WORK TO COMPLETE:
For the listing below, output exactly the lines from the line with "Item #85909 THE" up to and including the line with "a white living", and no other lines.
═════ DATA TO EXAMINE ═════
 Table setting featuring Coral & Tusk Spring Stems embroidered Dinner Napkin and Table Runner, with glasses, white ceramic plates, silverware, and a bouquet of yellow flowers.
═════
═════ DATA TO EXAMINE ═════
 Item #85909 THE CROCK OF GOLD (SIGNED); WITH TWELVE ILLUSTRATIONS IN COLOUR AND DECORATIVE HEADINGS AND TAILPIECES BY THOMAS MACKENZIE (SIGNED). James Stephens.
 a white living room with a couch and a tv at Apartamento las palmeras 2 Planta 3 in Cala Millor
═════
SOLUTION FOR THIS PROBLEM:
 Item #85909 THE CROCK OF GOLD (SIGNED); WITH TWELVE ILLUSTRATIONS IN COLOUR AND DECORATIVE HEADINGS AND TAILPIECES BY THOMAS MACKENZIE (SIGNED). James Stephens.
 a white living room with a couch and a tv at Apartamento las palmeras 2 Planta 3 in Cala Millor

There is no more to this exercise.